++++ Records for this task ++++

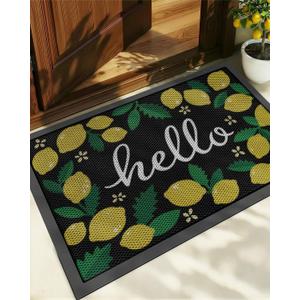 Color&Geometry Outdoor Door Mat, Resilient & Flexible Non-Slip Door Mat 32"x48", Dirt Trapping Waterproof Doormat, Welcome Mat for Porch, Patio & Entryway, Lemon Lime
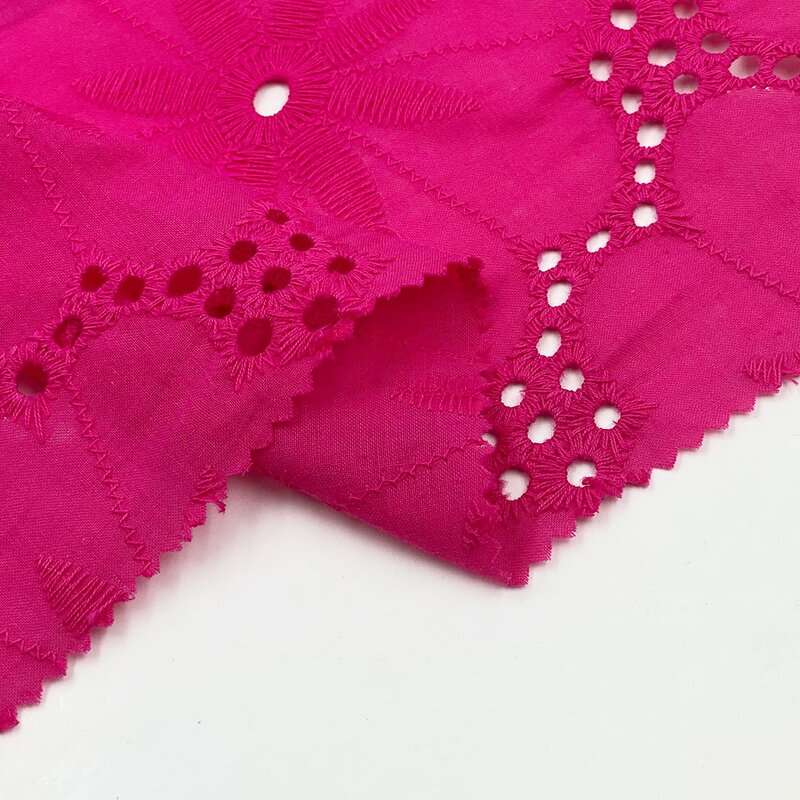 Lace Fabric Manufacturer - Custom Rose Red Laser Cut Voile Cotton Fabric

++++
++++ Records for this task ++++

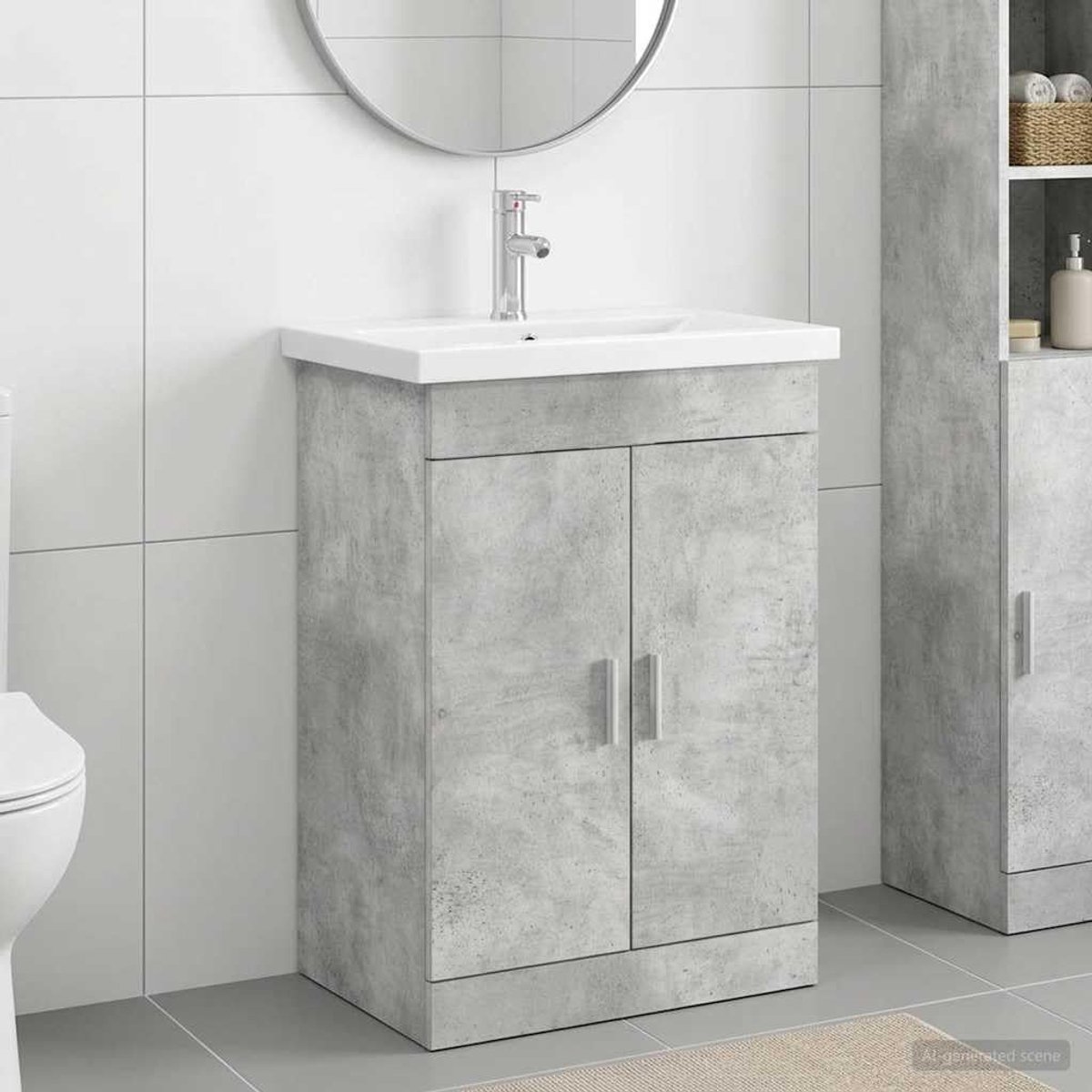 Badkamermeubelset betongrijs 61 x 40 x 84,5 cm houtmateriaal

++++

In the data above, find the line containing "Color&Geometry Outdoor Door" and the line containing "Lace Fabric Manufacturer". Copy exactly the stretch from the first through the second, both included, leaving out any picture.

 Color&Geometry Outdoor Door Mat, Resilient & Flexible Non-Slip Door Mat 32"x48", Dirt Trapping Waterproof Doormat, Welcome Mat for Porch, Patio & Entryway, Lemon Lime
 Lace Fabric Manufacturer - Custom Rose Red Laser Cut Voile Cotton Fabric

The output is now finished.